##### DATASET SECTION
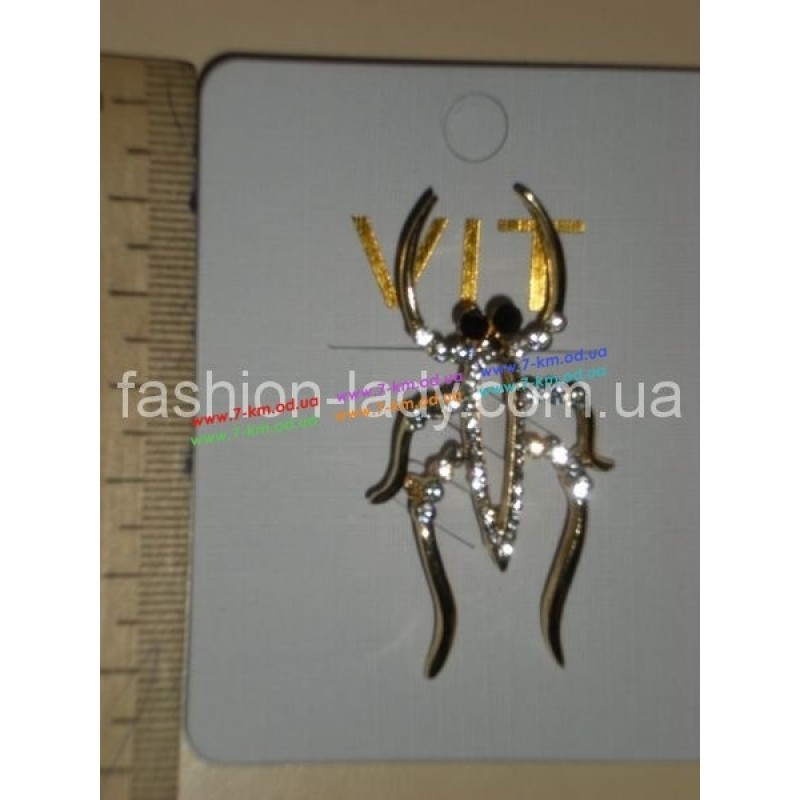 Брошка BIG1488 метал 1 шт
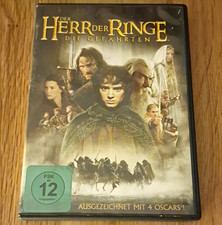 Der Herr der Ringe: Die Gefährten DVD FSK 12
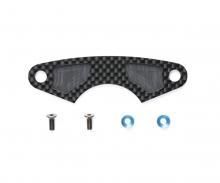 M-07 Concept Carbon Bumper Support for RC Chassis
##########
• **AIM OF THE TASK**
Transcribe all the lines above exactly, apart from the pictures.

• **FINISHED TASK**
 Брошка BIG1488 метал 1 шт
 Der Herr der Ringe: Die Gefährten DVD FSK 12
 M-07 Concept Carbon Bumper Support for RC Chassis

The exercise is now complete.